◆ **Your instructions**
From the records below, give the number of lines that contain the string "Blvd", without any other text.

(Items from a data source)
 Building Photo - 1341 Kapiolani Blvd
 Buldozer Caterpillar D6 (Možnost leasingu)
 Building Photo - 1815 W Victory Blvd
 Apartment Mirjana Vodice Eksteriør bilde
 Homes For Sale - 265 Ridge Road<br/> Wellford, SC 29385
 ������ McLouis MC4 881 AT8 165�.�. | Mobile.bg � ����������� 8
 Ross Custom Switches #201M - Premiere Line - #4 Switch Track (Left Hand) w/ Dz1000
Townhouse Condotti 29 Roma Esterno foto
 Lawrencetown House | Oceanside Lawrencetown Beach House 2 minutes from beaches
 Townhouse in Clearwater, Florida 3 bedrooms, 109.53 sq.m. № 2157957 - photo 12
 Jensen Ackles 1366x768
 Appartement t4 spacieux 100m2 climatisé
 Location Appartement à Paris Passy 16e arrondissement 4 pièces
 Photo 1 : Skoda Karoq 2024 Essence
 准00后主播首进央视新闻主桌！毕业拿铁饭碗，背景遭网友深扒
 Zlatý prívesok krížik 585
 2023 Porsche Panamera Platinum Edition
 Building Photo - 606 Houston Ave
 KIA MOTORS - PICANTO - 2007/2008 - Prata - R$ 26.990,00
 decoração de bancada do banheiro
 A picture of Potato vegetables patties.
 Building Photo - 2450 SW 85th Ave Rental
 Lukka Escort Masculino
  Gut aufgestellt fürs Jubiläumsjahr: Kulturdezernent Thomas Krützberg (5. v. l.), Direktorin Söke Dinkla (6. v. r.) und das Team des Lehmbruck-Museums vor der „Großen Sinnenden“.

◆ **Answer space**
2